Дубрава вокруг усадьбы была поистине прекрасна — и это был скорее лес, чем парк. Там были высокие, тенистые стрельчатые аллеи, где любил прогуливаться, декламируя стихи, мой отец. И голос его отдавался в них эхом, словно в готическом соборе.
Ле Брей был, если можно так сказать, летним филиалом дома 26 на Вандомской площади. Именно там в летний сезон собирались «мушкетёры».
Густо населённый курятник, черноголовые бараны, которых презентовал ему Франсуа де Кюрель, три десятка собак, один орёл, какие-то странные крупные птицы и самка шимпанзе, отец звал её Лакме, которая иногда завтракала с нами за одним столом. Ела она очень опрятно и на редкость хорошо понимала правила игры в прятки! Удивительное животное, ласковое и меланхоличное, она могло часами прогуливаться рука об руку с отцом, время от времени обращаясь к нему с какими-то мистическими словами...
В усадьбе Брей была комната Капю, комната Алле, комната Ренара и комната Тристана — помимо трёх наших.
Но главное — там было просторное помещение внизу с окнами, выходящими в парк, вдали за которым виднелось море. В этой комнате ели, вели беседы, играли в карты или в триктрак. Капю читал очередной акт пьесы, Тристан произносил речи, Ренар придумывал свои. Алле говорил, что ни взбредёт в голову — но всё, что взбредало в голову Алле, всегда оказывалось блестяще!

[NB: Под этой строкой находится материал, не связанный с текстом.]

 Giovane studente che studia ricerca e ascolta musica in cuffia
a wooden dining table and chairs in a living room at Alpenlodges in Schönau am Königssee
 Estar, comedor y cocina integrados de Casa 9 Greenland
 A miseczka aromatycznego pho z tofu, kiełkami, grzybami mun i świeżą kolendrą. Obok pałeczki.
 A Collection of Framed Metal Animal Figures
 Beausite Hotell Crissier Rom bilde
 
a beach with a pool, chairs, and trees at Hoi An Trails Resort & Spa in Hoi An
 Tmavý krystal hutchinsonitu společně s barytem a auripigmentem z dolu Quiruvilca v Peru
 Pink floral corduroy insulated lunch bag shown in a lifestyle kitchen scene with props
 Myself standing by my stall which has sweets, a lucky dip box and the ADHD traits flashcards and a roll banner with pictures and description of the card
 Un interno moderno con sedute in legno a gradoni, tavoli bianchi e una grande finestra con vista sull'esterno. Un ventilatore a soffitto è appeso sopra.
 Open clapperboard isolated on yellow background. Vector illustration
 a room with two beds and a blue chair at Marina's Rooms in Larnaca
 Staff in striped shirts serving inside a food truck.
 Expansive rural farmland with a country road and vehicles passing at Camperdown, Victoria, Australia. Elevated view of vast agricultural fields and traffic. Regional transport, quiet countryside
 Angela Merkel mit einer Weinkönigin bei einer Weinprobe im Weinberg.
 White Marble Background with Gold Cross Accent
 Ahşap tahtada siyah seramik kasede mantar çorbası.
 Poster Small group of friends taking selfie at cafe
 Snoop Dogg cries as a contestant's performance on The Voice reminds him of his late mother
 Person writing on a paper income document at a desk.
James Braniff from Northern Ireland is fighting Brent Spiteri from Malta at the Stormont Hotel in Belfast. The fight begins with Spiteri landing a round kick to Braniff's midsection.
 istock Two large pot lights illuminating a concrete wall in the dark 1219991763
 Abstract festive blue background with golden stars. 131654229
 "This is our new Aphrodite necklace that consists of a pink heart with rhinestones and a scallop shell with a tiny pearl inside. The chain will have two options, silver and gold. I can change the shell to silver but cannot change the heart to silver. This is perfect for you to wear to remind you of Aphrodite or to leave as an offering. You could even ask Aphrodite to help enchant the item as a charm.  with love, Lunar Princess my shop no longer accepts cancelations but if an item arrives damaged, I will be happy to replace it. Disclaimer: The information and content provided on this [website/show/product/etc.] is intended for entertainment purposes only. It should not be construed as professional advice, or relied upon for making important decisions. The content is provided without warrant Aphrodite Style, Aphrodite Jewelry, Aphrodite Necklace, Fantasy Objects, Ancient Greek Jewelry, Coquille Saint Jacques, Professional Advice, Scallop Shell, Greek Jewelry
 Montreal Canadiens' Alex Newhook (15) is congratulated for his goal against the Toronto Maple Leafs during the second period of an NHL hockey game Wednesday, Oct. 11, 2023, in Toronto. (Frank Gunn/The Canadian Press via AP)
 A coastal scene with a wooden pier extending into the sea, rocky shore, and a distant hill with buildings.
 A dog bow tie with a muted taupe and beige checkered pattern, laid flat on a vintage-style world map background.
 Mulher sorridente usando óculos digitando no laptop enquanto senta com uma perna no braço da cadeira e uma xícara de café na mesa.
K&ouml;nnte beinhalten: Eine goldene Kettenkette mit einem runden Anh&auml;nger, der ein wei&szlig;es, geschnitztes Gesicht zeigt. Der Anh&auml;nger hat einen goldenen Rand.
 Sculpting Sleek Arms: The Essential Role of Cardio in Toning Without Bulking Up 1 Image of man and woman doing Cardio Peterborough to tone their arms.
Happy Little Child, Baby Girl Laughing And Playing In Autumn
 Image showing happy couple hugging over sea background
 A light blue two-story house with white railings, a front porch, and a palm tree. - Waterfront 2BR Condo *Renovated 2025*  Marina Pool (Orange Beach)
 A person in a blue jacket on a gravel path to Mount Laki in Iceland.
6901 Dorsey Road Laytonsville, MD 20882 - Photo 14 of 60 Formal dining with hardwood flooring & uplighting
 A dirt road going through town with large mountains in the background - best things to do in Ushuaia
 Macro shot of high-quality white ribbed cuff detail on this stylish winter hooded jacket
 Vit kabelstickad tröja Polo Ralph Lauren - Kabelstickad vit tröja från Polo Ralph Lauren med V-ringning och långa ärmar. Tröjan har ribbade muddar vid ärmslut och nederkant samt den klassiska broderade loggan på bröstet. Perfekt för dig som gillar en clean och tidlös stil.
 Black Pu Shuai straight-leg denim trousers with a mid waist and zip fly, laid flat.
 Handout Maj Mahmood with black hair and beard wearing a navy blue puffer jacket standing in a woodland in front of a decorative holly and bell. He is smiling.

Катастрофический спектакль
Однажды вечером в Дьеппе — уж тридцать три года тому — я присутствовал на спектакле, который обернулся настоящим конфузом. Играли пьесу в стихах, действие проходило в восемнадцатом веке, а исполнители двух главных ролей, месьё Л... и мадемуазель С…, оба были уже далеко не первой молодости, к тому же страдали близорукостью, весьма близко граничащей со слепотою.
Спектакль ставился в одной из тех обветшалых, безликих декораций, что «могут служить» для любой эпохи, от Людовика ХIII до наших дней, где окна, само собой, непременно открывались наружу, а на дверях вместо замков были небольшие круглые, в форме пуговиц, медные ручки, которые никогда не удавалось привинтить на одной высоте. Эти двери имели то преимущество, что их можно было открыть одним ударом кулака, что придавало выходящему на сцену актёру — во всяком случае, так им казалось — этакий особый шарм. Однако вся трудность заключалась в том, чтобы закрыть за собой обе створки двери, сохранив все козыри, приобретённые при выходе.